%%
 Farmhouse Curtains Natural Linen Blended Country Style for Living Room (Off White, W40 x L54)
%%
%%
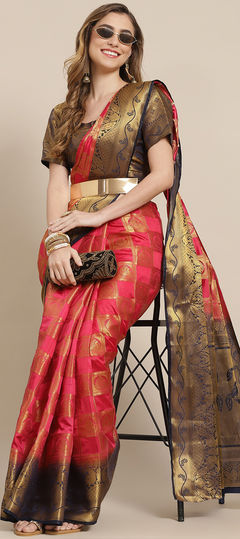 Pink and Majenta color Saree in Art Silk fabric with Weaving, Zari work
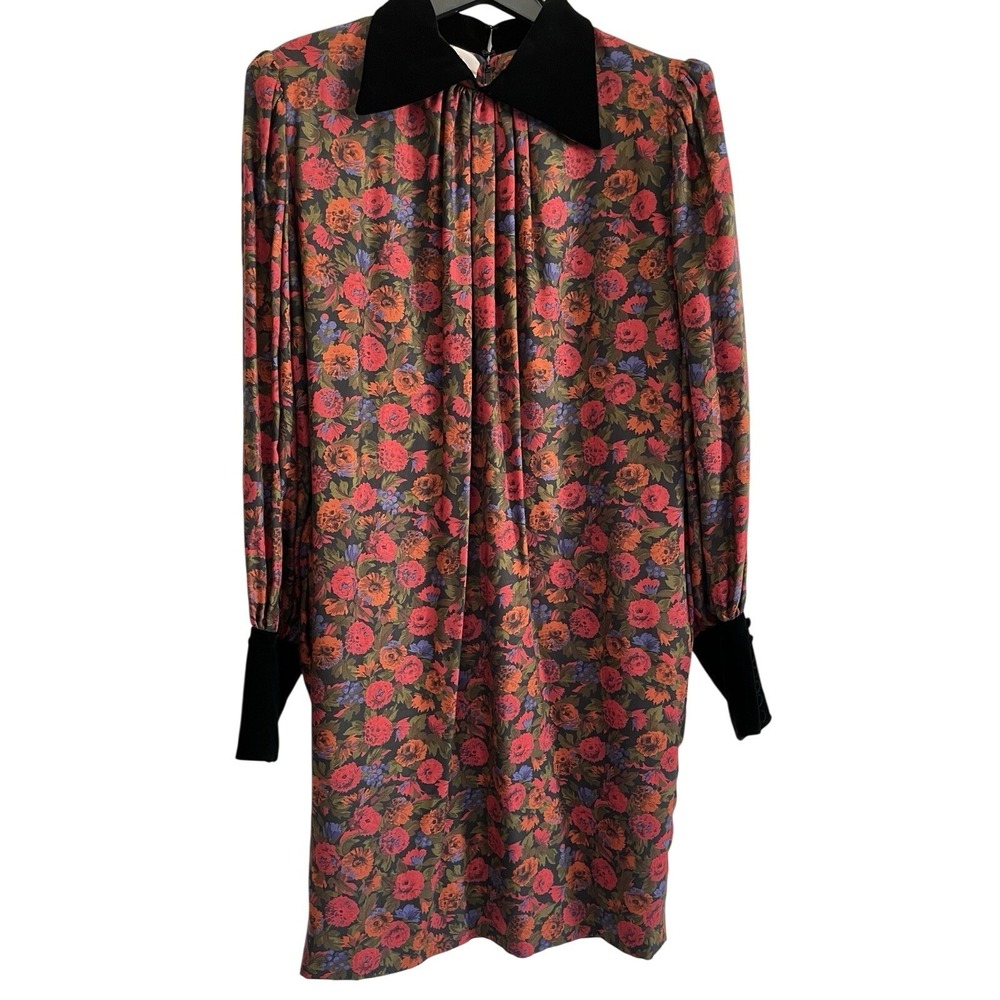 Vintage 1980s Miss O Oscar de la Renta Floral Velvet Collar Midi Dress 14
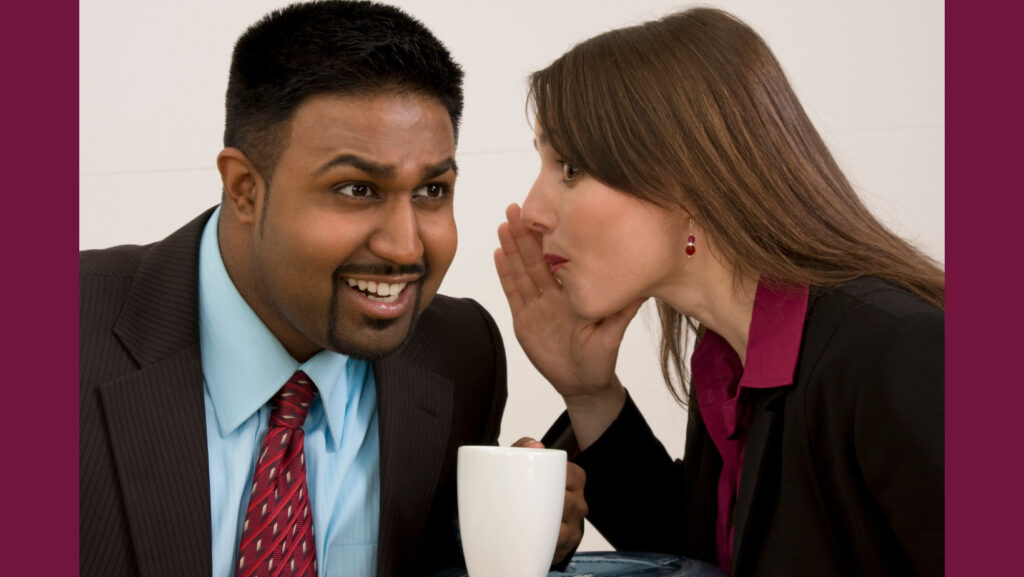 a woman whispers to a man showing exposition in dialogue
%%
◆ Prompt
The expected output is the lines above from the one containing "Pink and Majenta" to the one containing "a woman whispers", both ends included, reproduced exactly with every picture left out.

◆ Response box
 Pink and Majenta color Saree in Art Silk fabric with Weaving, Zari work
 Vintage 1980s Miss O Oscar de la Renta Floral Velvet Collar Midi Dress 14
 a woman whispers to a man showing exposition in dialogue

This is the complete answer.